La société est travaillée par la démagogie sécuritaire, raciste et xénophobe de bien des politiciens. La police et l’armée, dressées pour maintenir l’ordre, y sont plus sensibles que quiconque. Et, à la différence des politiciens qui rêvent de faire marcher le pays au pas, mais en sont réduits à faire des discours, l’armée et la police détiennent, elles, les moyens de le faire.
Les militaires et l’armée constituent la force organisée et disciplinée au service de l’ordre établi, c’est-à-dire au service de la domination de la grande bourgeoisie sur toute la société. Ils ont été, dans le passé, le socle de toutes les dictatures, de l’Italie de Mussolini à l’Allemagne nazie en passant par l’Espagne de Franco ou le Portugal de Salazar. Il en va de même aujourd'hui dans de nombreux pays, de l’Algérie à la Birmanie, en passant par l’Égypte. Cette déclaration est là pour nous le rappeler !
Derrière le jeu politicien, les élections et le paravent de la démocratie, il y a un appareil d’État armé, prêt à s’asseoir sur les institutions au nom de la patrie en danger. Tous les militaires sont formés à l’idée qu’ils sont les ultimes garants et piliers de la Nation. Ils sont dressés à l’idée qu’au-delà des péripéties politiciennes, il leur revient de préserver l’ordre en écartant ceux qui ne correspondraient pas à l’idée qu’ils s’en font. Et ne nous y trompons pas, le régime autoritaire qu’ils exigent est dirigé contre tous les travailleurs !
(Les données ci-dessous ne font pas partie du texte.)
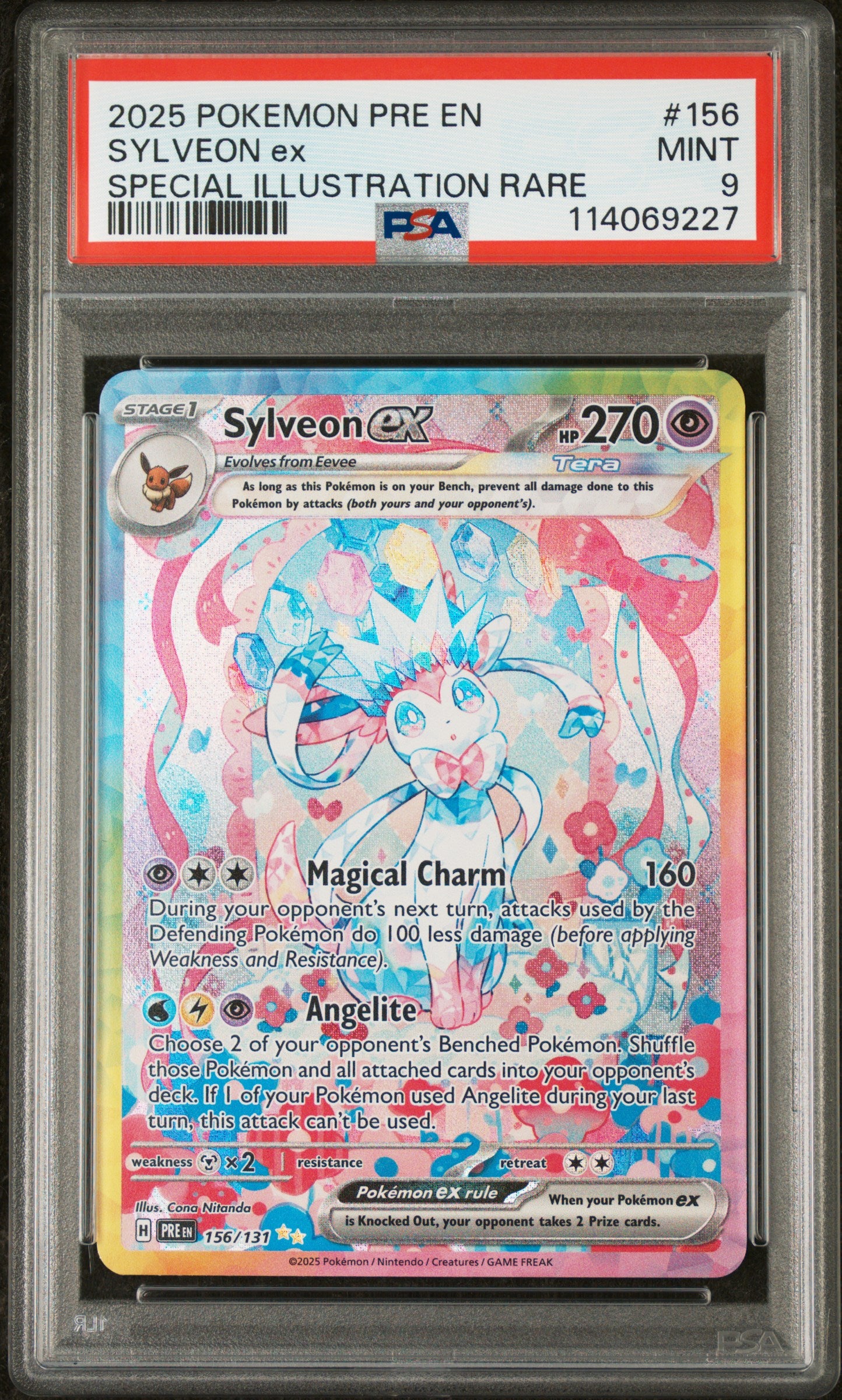 Sylveon ex - 156/131 - SV: Prismatic Evolutions PSA 9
Dans cette période de crise sanitaire, économique et sociale, grosse de colère et de révoltes, la tribune de ces généraux rappelle à la classe capitaliste qu’elle a des chiens de garde prêts à mordre. Elle lui rappelle que, si les politiques sont incapables d’assurer l’ordre, eux le sont ! Pour l’heure, les mots et la salive sont les seules armes qu’ils utilisent. Mais cela peut changer demain. Et ne comptons pas sur le monde politicien pour nous protéger !
À gauche, tout ce que les dirigeants ont trouvé à faire a été de demander à Macron de condamner ces propos factieux. Mais Macron est du même côté de la barricade que ces généraux ! Pour lui, comme pour tous ceux qui dirigent, le danger vient d’abord des travailleurs, des pauvres, des opprimés qui pourraient ne plus accepter la situation qu’on leur impose.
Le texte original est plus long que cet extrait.